Internships are valuable professional experiences for students. They can help students develop the skills necessary for their chosen fields, make industry connections and learn to navigate professional settings. However, internship opportunities can be competitive, so it's important to be properly prepared when applying for internship programs. Here are five tips to get ready for an internship.
Learn To Negotiate
No matter what industry you're planning to intern in, negotiation is an invaluable skill. It's not just something people use to make business or legal agreements. You should seek negotiation training before beginning an internship so you're better prepared to build strong professional relationships, establish boundaries and collaborate on projects.
Learning to negotiate can help you practice asking for flex time or time off if you need it and teach you how to ask for help or guidance without looking like you're floundering. You can also use negotiation skills to discuss taking on more responsibilities if you think you can or seeking help if you feel overwhelmed.
Practice Good Time Management
Another vital professional skill is time management. Being on time for your interview and providing timely responses to phone calls and emails can make your application more appealing. You must be able to show you're capable of completing assignments by or before deadlines and that you'll communicate regularly with colleagues and arrive at meetings on time.
Good time management shows your internship manager you're responsible and take your assignments seriously. However, if you ever feel you need more time, be sure to ask for assistance or an extension. Don't try to rush your work or cover up issues. Owning up to mistakes or roadblocks is just as important a skill as punctuality.
Develop Your Application Materials
Before anything else, you need to put together your application materials. Most commonly, these materials include a cover letter, a list of references and a resume or CV. The cover letter should be addressed to the company to which you're applying or to the company's internship manager. Its contents should include your knowledge of and interest in the company, your reasons for wanting the role and your applicable skills.
Because an internship is often a means of building professional experience, you may not think you have enough material to put on a resume, but there are alternative options. Include relevant academic courses. For example, if you're seeking a marketing internship, list any relevant business and marketing courses you've taken. You should also include scholarships, awards, extracurricular activities and skills you feel are relevant.
Practice for the Interview
The final step of seeking an internship is usually the interview, and there are several things you can do to prepare for it. Interviews can be nerve-wracking, so don't be afraid to ask friends or family to help you prepare, discuss common interview situations with your guidance counselor and go to mock interviews for practice.
Check the address where the interview will take place and make sure you know how to get to the location.
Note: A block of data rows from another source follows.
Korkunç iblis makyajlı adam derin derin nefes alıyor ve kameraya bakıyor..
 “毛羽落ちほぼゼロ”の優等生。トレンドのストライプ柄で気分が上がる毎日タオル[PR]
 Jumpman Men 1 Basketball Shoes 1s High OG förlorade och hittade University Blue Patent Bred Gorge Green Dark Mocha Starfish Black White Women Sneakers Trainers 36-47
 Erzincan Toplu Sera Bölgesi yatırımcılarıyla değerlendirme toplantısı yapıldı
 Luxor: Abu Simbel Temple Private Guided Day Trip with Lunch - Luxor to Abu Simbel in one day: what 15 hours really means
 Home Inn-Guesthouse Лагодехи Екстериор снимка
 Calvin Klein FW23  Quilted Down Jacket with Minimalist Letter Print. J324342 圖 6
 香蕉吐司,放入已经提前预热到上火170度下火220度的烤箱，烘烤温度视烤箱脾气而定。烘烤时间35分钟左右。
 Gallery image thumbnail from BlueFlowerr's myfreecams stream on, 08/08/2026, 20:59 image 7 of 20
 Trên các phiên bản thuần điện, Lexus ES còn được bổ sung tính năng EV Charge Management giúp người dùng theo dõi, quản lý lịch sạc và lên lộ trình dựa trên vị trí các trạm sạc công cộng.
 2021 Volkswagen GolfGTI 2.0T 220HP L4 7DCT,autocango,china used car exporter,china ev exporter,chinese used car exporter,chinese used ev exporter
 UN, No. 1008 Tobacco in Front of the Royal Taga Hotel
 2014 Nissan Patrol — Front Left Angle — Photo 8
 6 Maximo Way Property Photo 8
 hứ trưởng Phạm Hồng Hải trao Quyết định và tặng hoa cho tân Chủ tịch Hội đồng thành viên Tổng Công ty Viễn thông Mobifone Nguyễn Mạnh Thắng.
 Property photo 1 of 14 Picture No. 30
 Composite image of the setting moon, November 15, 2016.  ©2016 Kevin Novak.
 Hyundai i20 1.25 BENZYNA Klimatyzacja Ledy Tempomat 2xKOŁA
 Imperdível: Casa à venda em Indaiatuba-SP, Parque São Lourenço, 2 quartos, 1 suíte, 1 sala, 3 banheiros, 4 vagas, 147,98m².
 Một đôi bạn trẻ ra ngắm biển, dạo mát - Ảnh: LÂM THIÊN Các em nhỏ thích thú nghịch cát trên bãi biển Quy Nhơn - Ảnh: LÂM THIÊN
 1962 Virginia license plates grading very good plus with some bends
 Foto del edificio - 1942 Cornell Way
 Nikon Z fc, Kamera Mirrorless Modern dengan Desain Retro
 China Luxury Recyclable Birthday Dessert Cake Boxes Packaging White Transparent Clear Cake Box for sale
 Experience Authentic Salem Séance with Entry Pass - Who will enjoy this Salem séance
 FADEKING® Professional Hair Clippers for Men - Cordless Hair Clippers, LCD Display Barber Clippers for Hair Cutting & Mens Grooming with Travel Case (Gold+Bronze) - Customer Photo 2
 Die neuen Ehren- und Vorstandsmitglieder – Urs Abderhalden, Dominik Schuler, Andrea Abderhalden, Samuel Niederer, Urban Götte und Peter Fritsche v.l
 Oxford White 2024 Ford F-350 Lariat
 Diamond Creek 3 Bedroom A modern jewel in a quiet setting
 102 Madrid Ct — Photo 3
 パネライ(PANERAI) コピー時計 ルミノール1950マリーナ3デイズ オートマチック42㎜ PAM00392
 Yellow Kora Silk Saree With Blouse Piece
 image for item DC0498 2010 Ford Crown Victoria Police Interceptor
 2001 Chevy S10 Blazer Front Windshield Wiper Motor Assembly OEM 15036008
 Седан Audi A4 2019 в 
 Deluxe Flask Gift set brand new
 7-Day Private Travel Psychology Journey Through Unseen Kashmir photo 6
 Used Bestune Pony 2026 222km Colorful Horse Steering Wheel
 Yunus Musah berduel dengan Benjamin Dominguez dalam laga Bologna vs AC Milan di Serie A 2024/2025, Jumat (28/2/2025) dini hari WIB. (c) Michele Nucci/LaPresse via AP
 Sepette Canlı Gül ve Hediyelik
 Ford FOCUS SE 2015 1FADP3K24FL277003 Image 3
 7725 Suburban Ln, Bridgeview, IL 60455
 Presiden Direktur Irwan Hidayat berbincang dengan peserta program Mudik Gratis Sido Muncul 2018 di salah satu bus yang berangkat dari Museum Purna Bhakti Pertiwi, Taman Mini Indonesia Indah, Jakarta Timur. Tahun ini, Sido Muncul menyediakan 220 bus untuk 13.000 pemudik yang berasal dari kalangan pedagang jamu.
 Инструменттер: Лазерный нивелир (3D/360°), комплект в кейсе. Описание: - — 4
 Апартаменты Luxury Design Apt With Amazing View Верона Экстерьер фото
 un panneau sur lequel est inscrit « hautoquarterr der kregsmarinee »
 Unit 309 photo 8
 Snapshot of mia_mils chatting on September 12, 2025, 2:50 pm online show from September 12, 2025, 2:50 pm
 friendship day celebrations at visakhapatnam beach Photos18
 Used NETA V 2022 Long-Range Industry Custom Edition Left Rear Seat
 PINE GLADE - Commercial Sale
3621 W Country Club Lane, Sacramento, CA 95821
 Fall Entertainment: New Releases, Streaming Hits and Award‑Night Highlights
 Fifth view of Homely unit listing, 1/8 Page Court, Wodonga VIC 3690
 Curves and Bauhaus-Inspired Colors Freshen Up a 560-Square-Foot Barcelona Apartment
If you can, find out ahead of time where you're supposed to check in or where you're supposed to go after you arrive. Rehearse your elevator pitch and answers to common interview questions beforehand. Appearance and presentation are important factors, too. Make sure you dress in business professional attire, even if you know the company to which you're applying has a more casual culture. Avoid flashy and distracting accessories.
While internships are vehicles to advance your networking opportunities, networking can also help you find internships. It helps you meet professionals in fields you're interested in, learn more about those fields and find information on internship opportunities. There are many networking methods, including social media sites like LinkedIn, career fairs and connections via recruiters or guidance counselors.
Internships can be great opportunities to develop vital professional skills and learn from people who work in the industry you're interested in. If you have the opportunity to participate in an internship, preparing as much as you can beforehand can give you a competitive edge.